Récit. Revenant sur la mort de son père en Limousin au début de ce siècle, Jean-Marie Borzeix nous conduit au vertige des deuils conjugués. Bouleversant.
L’Homme qui aimait les arbres
de Jean-Marie Borzeix

Éd. Bleu autour, 80 p., 12 €

 

 

 

De quel bois était fait ce père marchand de bois ? Jean-Marie Borzeix ausculte après coup son géniteur nonagénaire ; tout comme celui-ci jaugeait, jadis, les différentes essences, sur pied, ou sous forme de troncs reposant dans la forêt.

Debout parfois, allongé le plus souvent, dans une maison de retraite de Bugeat (Corrèze), le vieil homme est remémoré, des racines à la ramure, ou de l’écorce à la moelle.

Cet Ernest, à l’heure de sa mort, ruse, simule, triche, anticipe et angoisse, en une parole qui se raréfie jusqu’à devenir série de signaux.

Son fils le conduit au trépas non sans obliquer, tournoyer, composer : privilège de l’écriture et de son alchimie que d’aller droit au but en temporisant.

Il en résulte des pages d’une densité déchirante sur ce qui nous arrive et nous arrivera, sur ce que nous avons vu ou verrons chez nos proches : « Je l’entends marmonner : “C’est une fin de saison.” »

Né en 1909, décédé quelque quatre-vingt-quinze ans plus tard,

Ernest a vécu assez longtemps pour voir disparaître la France rurale, à mesure que lui-même perdait de la superbe dominatrice dont il avait hérissé sa personne.

Cette double extinction s’avère le cœur du livre.

À la fin des fermes autarciques du plateau de Millevaches, des chemins vicinaux, de l’importance des saisons ou de ces petites églises pleines à craquer le dimanche, répondent les ravages de l’âge dépouillant un patriarche au point de lui conférer une douceur diaphane.

Celle-ci le rend enfin abordable aux siens, qu’il reconnaît à peine, avec cependant l’espoir chevillé à l’âme de retrouver aux cieux tous les proches qu’il a vus s’éteindre.

Jean-Marie Borzeix avait déjà fait retour sur un épisode tragique de la dernière guerre en sa Corrèze de givre et de silence (Jeudi saint, Stock, 2008).

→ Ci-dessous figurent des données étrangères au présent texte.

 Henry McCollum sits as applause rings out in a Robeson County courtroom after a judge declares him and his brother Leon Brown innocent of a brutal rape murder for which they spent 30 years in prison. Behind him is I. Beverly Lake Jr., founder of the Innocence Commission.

Ici, son écriture retenue ne cesse d’étirer le temps et l’espace, à partir d’un point nodal final : cette chambre où s’achève une vie, qui gagne en épaisseur cosmique ; entre Tarnac, Bonnefond et Saint-Merd-les-Oussines, dans cette nature hantée par « les femmes noires de Corrèze » évoquées par ­André ­Malraux lorsqu’il entonna le thrène de Jean Moulin, au Panthéon, un jour de décembre 1964.

Tout se termine de nos jours dans un salon funéraire.

L’abattement d’un fils se fait alors désespérance prophétique : 

« Il est désormais interdit de garder un mort dans son lit d’agonie.

Comme si la santé publique avait été mise en péril par la foule des morts veillés depuis des siècles dans la pénombre des fermes !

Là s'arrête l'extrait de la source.